First, because the 40 S&W round is shorter, and is not being seated on the chamber shoulder when loaded, the bullet is forced to jump this extra space to the barrel.  This jump can contribute to chamber wear and gas cutting, most notably at the shoulder itself.  As that shoulder gets worn down and rounded, it is less able to perform its task of seating a cartridge when a 10mm Auto is loaded.  This could mean that the bullet of a 10mm Auto cartridge intrudes too far into the barrel, thus engaging the rifling too early.

Second, since a 40 S&W cartridge would not seat on the shoulder of a 10mm Auto chamber, this means that the extractor claw is the only thing holding the cartridge in place.  This puts a great deal of stress on the extractor and on the extractor groove of the case.  This extra stress could lead to accelerated wear, early part failure, and possibly even catastrophic part failure resulting in harm to the shooter or even bystanders.

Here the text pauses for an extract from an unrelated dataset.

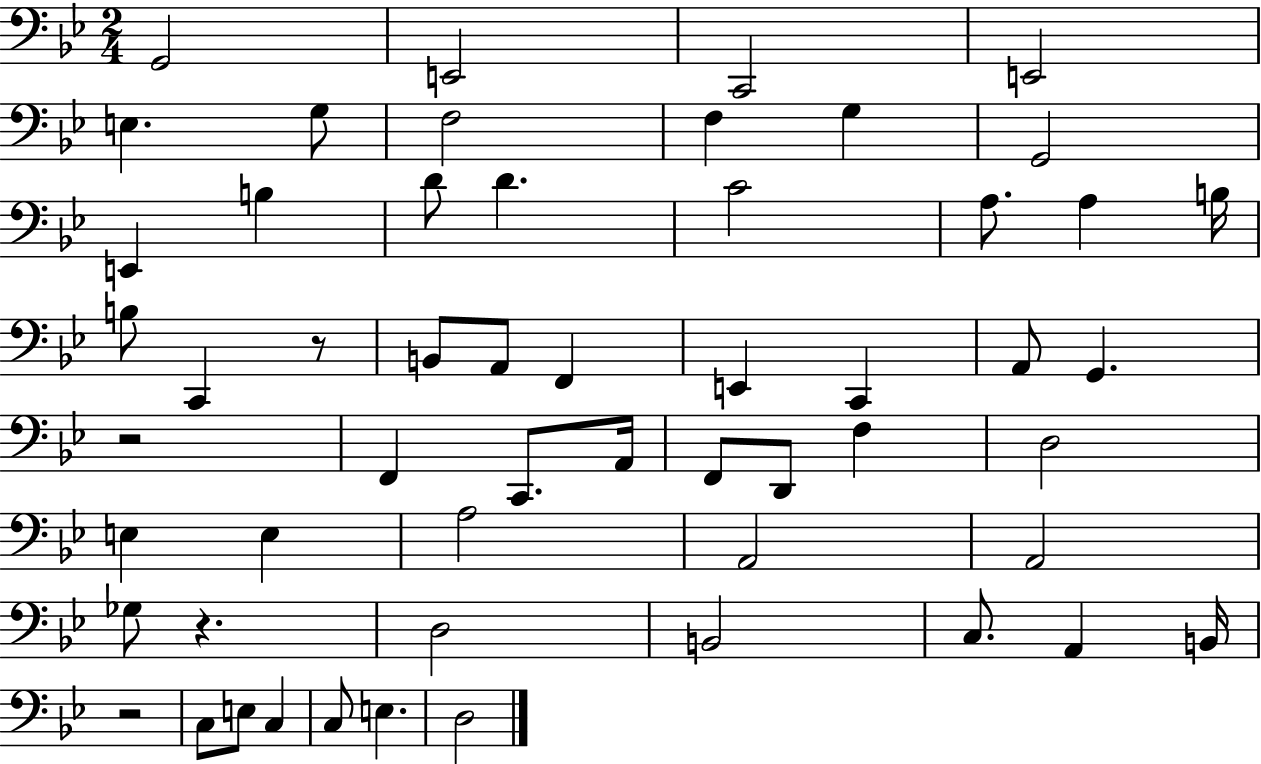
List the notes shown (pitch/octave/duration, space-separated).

G2/h E2/h C2/h E2/h E3/q. G3/e F3/h F3/q G3/q G2/h E2/q B3/q D4/e D4/q. C4/h A3/e. A3/q B3/s B3/e C2/q R/e B2/e A2/e F2/q E2/q C2/q A2/e G2/q. R/h F2/q C2/e. A2/s F2/e D2/e F3/q D3/h E3/q E3/q A3/h A2/h A2/h Gb3/e R/q. D3/h B2/h C3/e. A2/q B2/s R/h C3/e E3/e C3/q C3/e E3/q. D3/h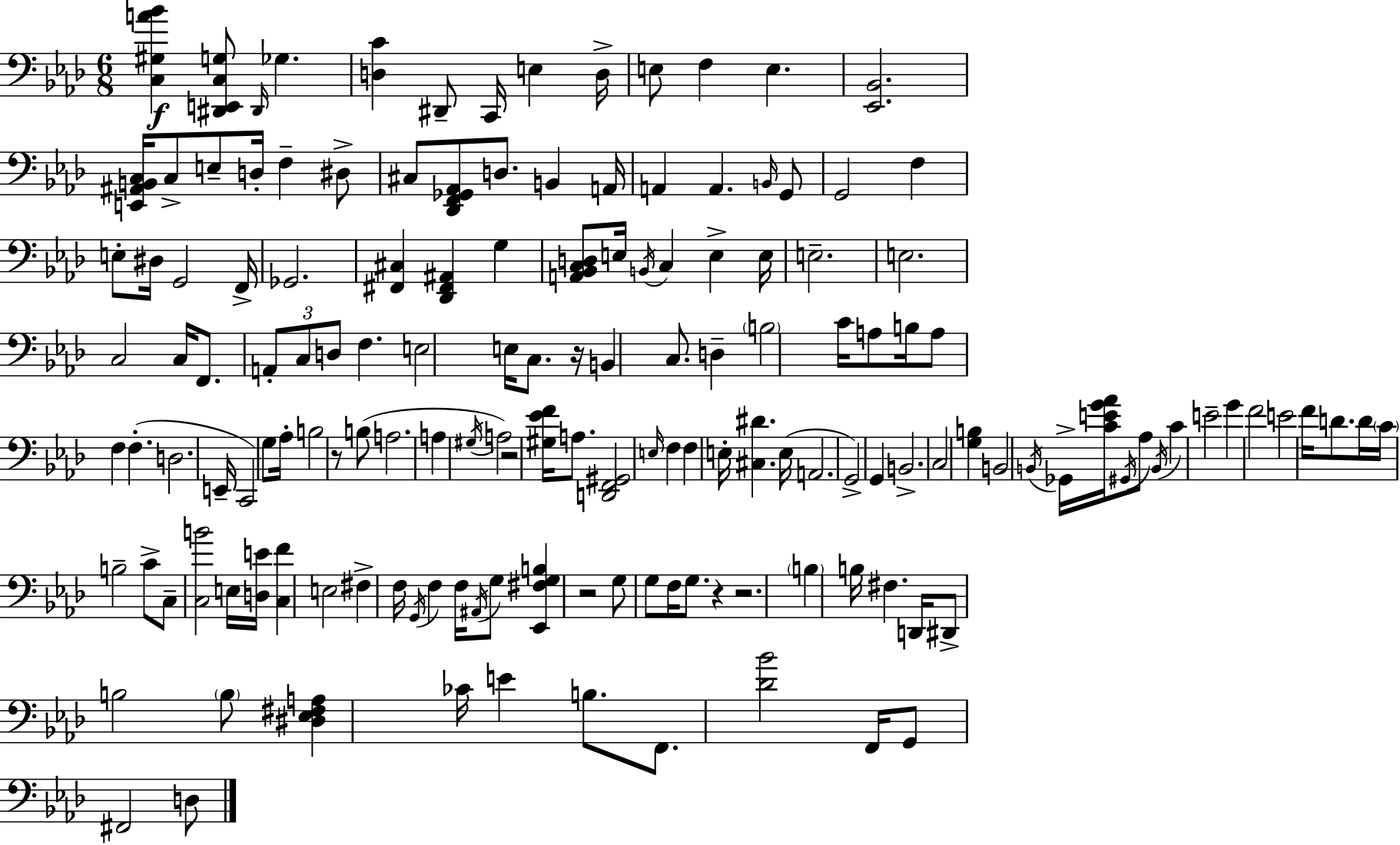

Third, feed issues and this is for two reasons.  The first of which is noted above regarding the lighter load.  Without the proper amount of force to send the slide back and eject the round, the spent case could fail to eject.  Also, this lighter load could prevent the next round from chambering.  The second is that because the 40 S&W has a shorter overall length, it will fit loosely in the magazine which could also attribute to problems when attempting to chamber a new round.



While these issues mentioned are not guaranteed to happen, they certainly could.  So I ask, why chance serious injury or damage to your firearm with the chance that they might happen?